The Report provides robust local data to quantify the understanding that Australians have in relation to both the funding of their digital media and services and the data value exchange. 

It was released to help publishers, agencies and marketers understand what is required to communicate clearly and run their data collection operations transparently.

The information presented by Ipsos helps the interested parties to build trust, while also helping to educate audiences about the myriad of digital news, entertainment, information, and services that the $14.5B local digital advertising industry funds.

Transparency and control were key themes in the Report

81% of consumers stated they want more control and choice over the collection and use of their personal information, and 46% stated they wanted companies to stop sharing their information with third parties without consent as a high priority. 

The report noted that the most important levers for making consumers more comfortable about sharing their data included being more upfront with how the data collected will be used (47%) and collecting only the data that is needed (46%). 

Unsurprisingly, consumers also comfortably shared their data with brands they trust.

Gai Le Roy, CEO of IAB Australia stated that while it is great news that consumers are supportive of an ad-funded model, this study suggests the industry has some work to do. 

“Trust with a digital brand, including openness to provide data, goes well beyond reading consent notices and extends across all their interactions with the brand online and offline.” 
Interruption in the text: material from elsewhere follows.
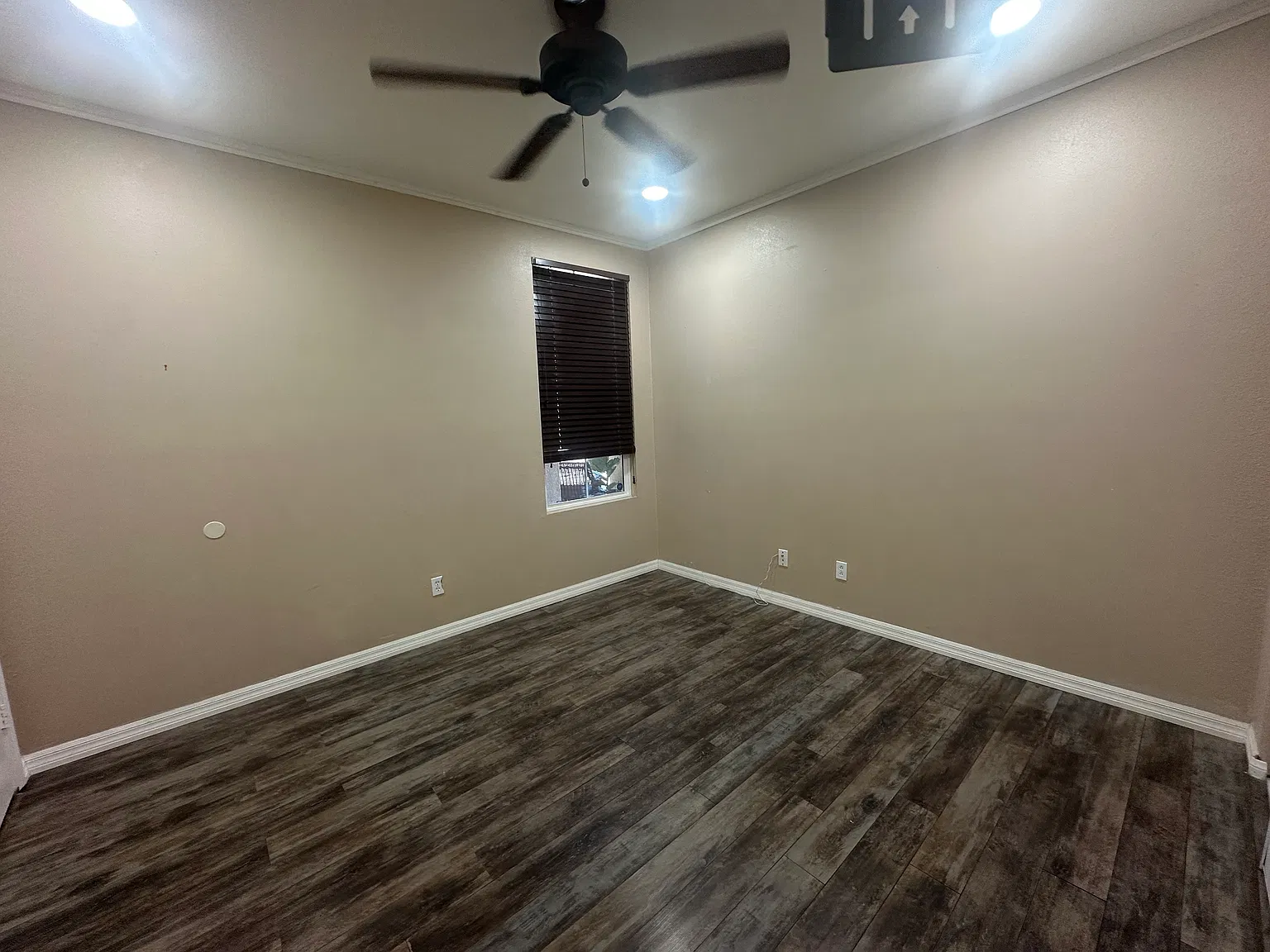 1 bed, 3800 sqft, $1,150 — Photo 1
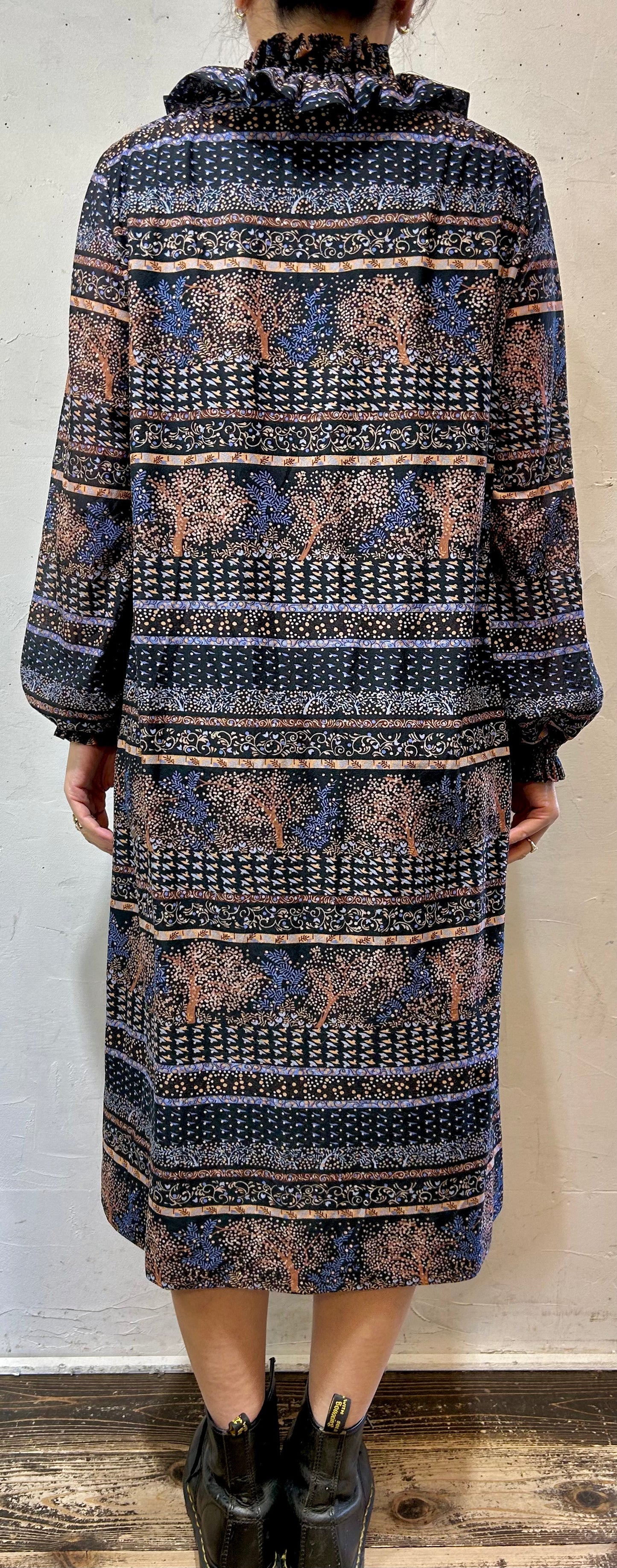 Vintage Dress MADE IN EUROPE [K25344]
“In order to ensure that the strength and sustainability of the industry, the involved parties need to build on these existing levels of trust, and respect consumer’s preferences for more transparency and more control in relation to how their data is used.”  

Some of the other Key findings included

The report also indicated that 35% of people preferred (at least sometimes) not to deal with an organization especially when they had concerns regarding their data privacy.

Transparency on data collected and how it is used is the key driver to a high level of trust in providing personal information (43%), however, sound corporate values (such as having a good corporate reputation, 40% and being ethical 39%) are nearly equally key trust drivers. 

Trust is top of mind when consumers are faced with consent notices.

When presented with pop-up messages on websites about that content provider using cookies and requesting consent to track their activity, 63% of consumers evaluate these before deciding to accept or not, trust in the brand is a major factor in their considerations

38% are happy sharing their purchase history with a brand online, 34% feel comfortable sharing browsing histories and 38% personal details such as email, phone, or address. 

While nearly all Australians think the privacy of their data is vital when selecting digital services only 3 in 10 people feel their understanding of privacy rights is of a high standard.

Ultimately 8 in 10 people want more control and choice over the collection of their personal information, while 69% care about their data privacy but don’t know what to do about it. 

The Consumer View report is based on consumer attitudes to data collection and privacy from a representative survey of 1,000 Australian adults conducted in October 2021.